Comme ce passage l’indique, le verbe pogner / poigner, s’il ne pogne pas en France, pogne beaucoup au Québec. Les vents peuvent y pogner. On peut y pogner les nerfs. On peut se pogner avec un joueur de l’équipe adverse; au hockey, c’est le rôle des goons.
On a déjà vu ici même qu’il est possible, dans la Belle Province, de se poigner le moine, quand ce n’est pas le beigne, ou de pogner les gros poissons.
D’autres sens existent.
Qui saisit le sens d’une blague (d’une djoke) la pogne. Pour s’en assurer, on lui demandera la pognes-tu ?
Qui est coincé ou pris est pogné : «Pognés entre un boss crosseur, un syndicat menteur et un gouvernement…» (le Poulpe, p. 18).

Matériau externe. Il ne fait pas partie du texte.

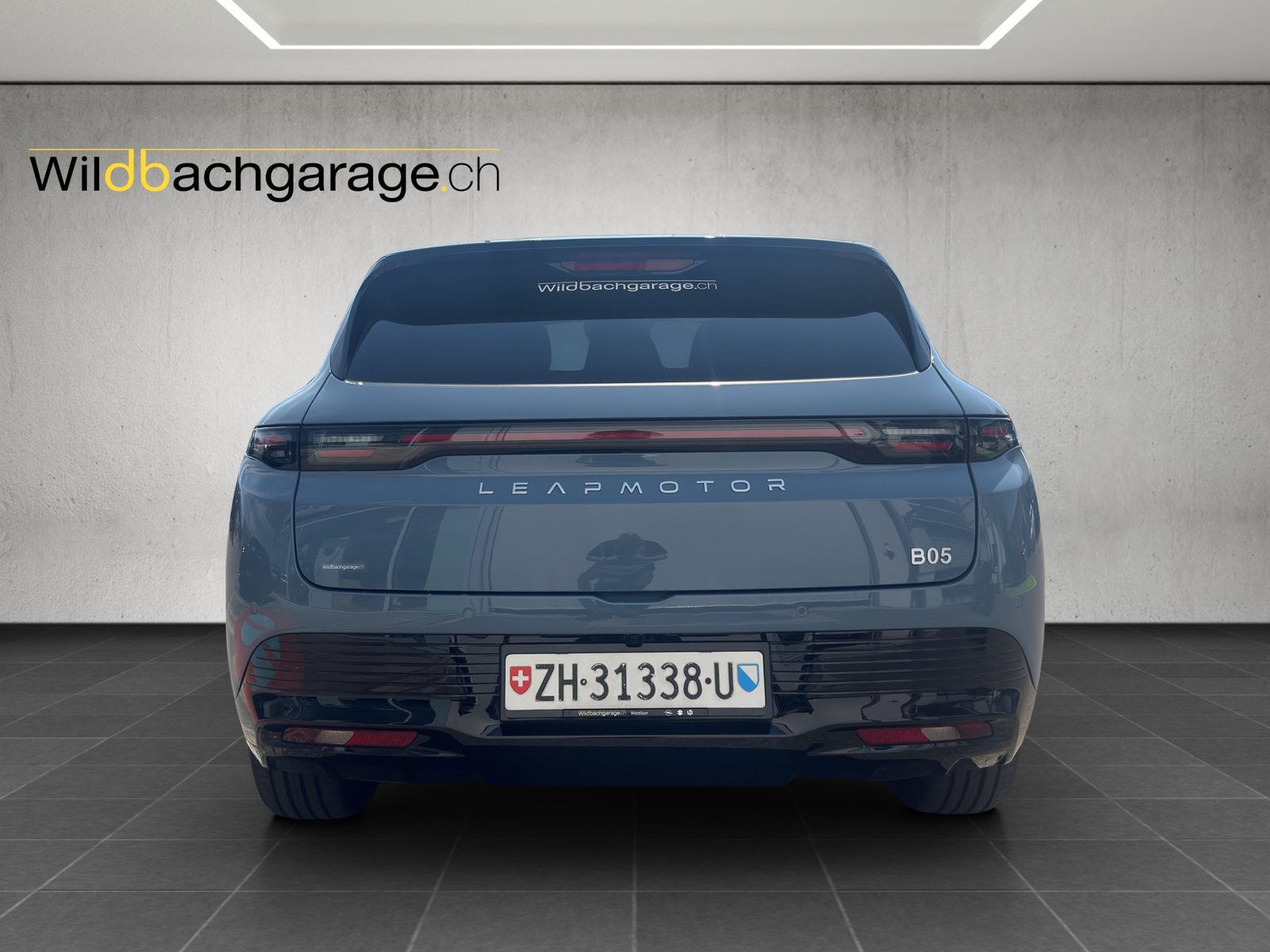 LEAPMOTOR B05 EV, Elektro, Vorführwagen, Automatik - 4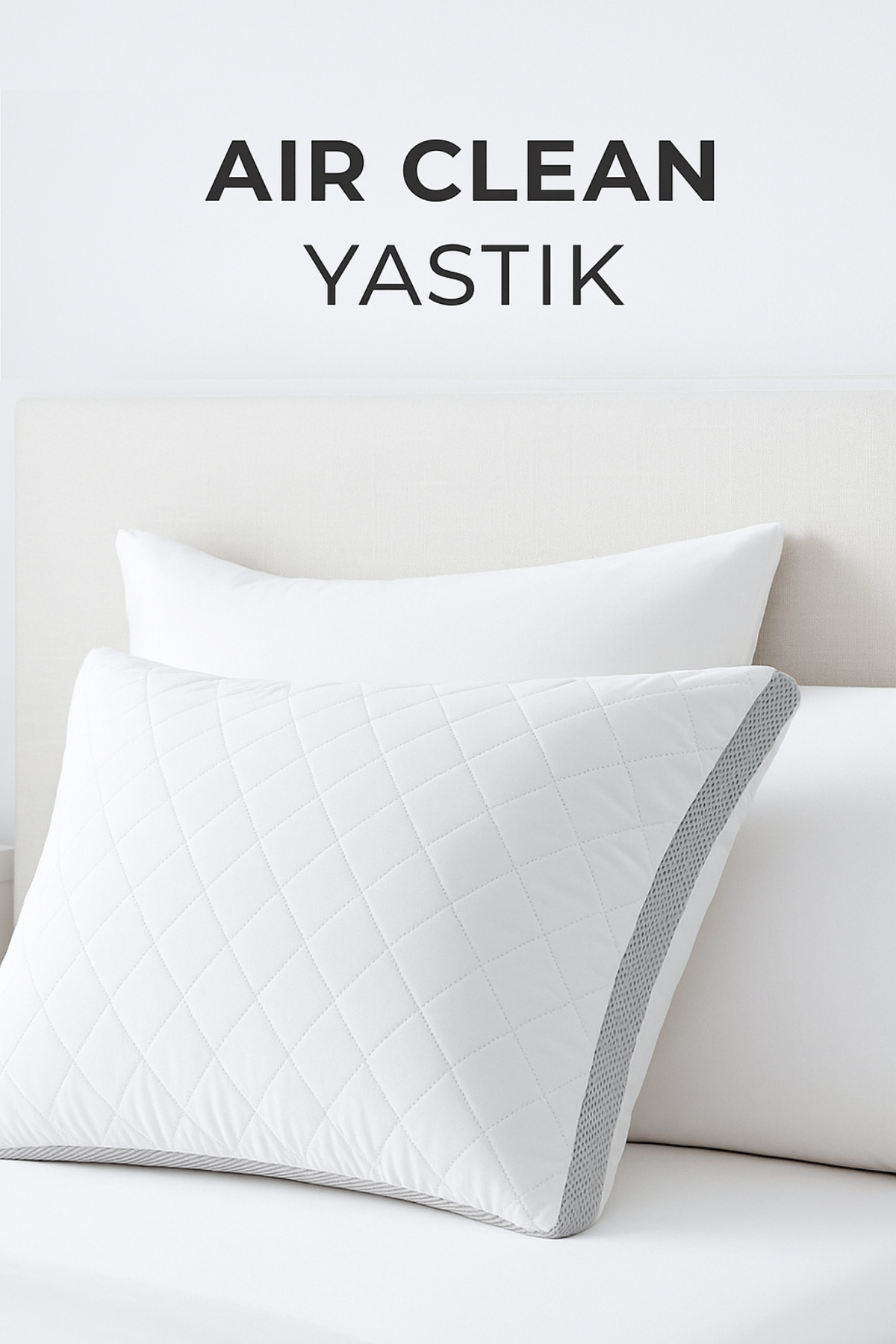 Atlas collection AİR CLEAN YASTIK Temiz Hava Akışı Sağlayan Konfor Yastık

Qui a du succès pogne. Voilà qui explique l’existence de la publicité suivante, récemment repérée par @revi_redac.
L’Oreille tendue ne prétend pas avoir repéré tous les sens de pogner. On pourra facilement la pogner en flagrant délit d’oubli.
P.-S. — On l’aura noté : sauf par volonté de dérision, on prononce bien plus volontiers pogner que poigner.
[Complément du 31 janvier 2015]
Comme le fait remarquer la même @revi_redac, il y a aussi «ce grand classique de la chanson québécoise» :
[Complément du 1er février 2015]
Oups ! Le Petit Robert (édition numérique de 2014) ne connaît pas poigner, mais pogner, si — et il en donne plusieurs excellentes définitions et illustrations. L’Oreille s’en mord les lobes, d’avoir parlé trop vite.
[Complément du 26 janvier 2016]
Et en Belgique, demandez-vous ? Oui, aussi, mais en usage intransitif.
Poigner […]
Poigner (dans qqch.) loc. verb. intr.
1. Fam. Prendre (qqch.) à pleine main. […]
2. Fam. Puiser (dans un contenant) pour remplir sa main. […]
Remarque
Ce verbe a pu également se construire transitivement (poigner qqch. «saisir qqch.; empoigner qqch.»), mais ce type de construction est aujourd’hui sorti de l’usage.
Vitalité peu élevée et décroissante en Wallonie, où ces constructions restent toutefois plus usuelles dans les provinces de Namur, de Liège et de Luxembourg. Quasi inusité à Bruxelles. — Également employé au Québec et en Louisiane (surtout dans la variante pogner) (Dictionnaire des belgicismes, p. 284).
[Complément du 29 avril 2018]
Sur le site Correspondance du Centre collégial de développement de matériel didactique, Louise Desforges propose plusieurs autres sens de po(i)gner. C’est ici.
Références
Dolbec, Michel et Leif Tande, le Poulpe. Palet dégueulasse, Montpellier, 6 pieds sous terre Éditions, coll. «Céphalopode», 12, 2004, 89 p. Bande dessinée.
Francard, Michel, Geneviève Geron, Régine Wilmet et Aude Wirth, Dictionnaire des belgicismes, Louvain-la-Neuve et Paris, De Boeck et Duculot, coll. «Langue française – Ouvrages de référence», 2010. Ill. Préface de Bruno Coppens.